Start of The input

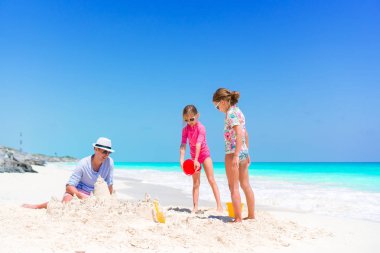 Tropikal beyaz Beach aile yapma Kumdan kale. Baba ve iki kız tropik sahilde kum ile oynamak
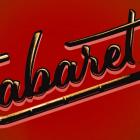 Cabaret in cursive in front of a solid background with the C as a cane with a bowler hat hanging off the end. 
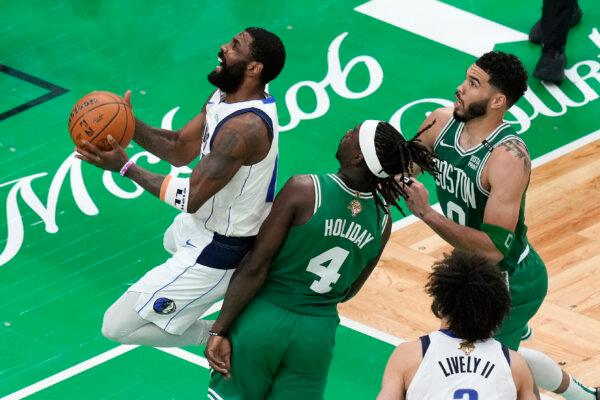 The Mavericks' Kyrie Irving takes the ball to the basket against the Celtics in Game 5 of the NBA Finals in Boston on June 17, 2024. (Michael Dwyer/AP Photo)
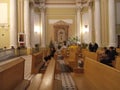 Catholic men and women kneel and pray inside the Cathedral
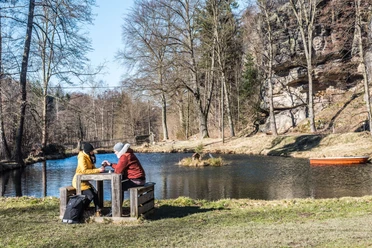 Teich in Rosenthal Bielatal Zwei Personen sitzen an einem Holztisch am Ufer eines Teichs, umgeben von kahlen Bäumen; ein orangefarbenes Boot schwimmt im Wasser.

End of The input

Directions for this task. Give every entry again as it is, dropping its pictures.

Your response.
 Tropikal beyaz Beach aile yapma Kumdan kale. Baba ve iki kız tropik sahilde kum ile oynamak
 Cabaret in cursive in front of a solid background with the C as a cane with a bowler hat hanging off the end. 
 The Mavericks' Kyrie Irving takes the ball to the basket against the Celtics in Game 5 of the NBA Finals in Boston on June 17, 2024. (Michael Dwyer/AP Photo)
 Catholic men and women kneel and pray inside the Cathedral
 Teich in Rosenthal Bielatal Zwei Personen sitzen an einem Holztisch am Ufer eines Teichs, umgeben von kahlen Bäumen; ein orangefarbenes Boot schwimmt im Wasser.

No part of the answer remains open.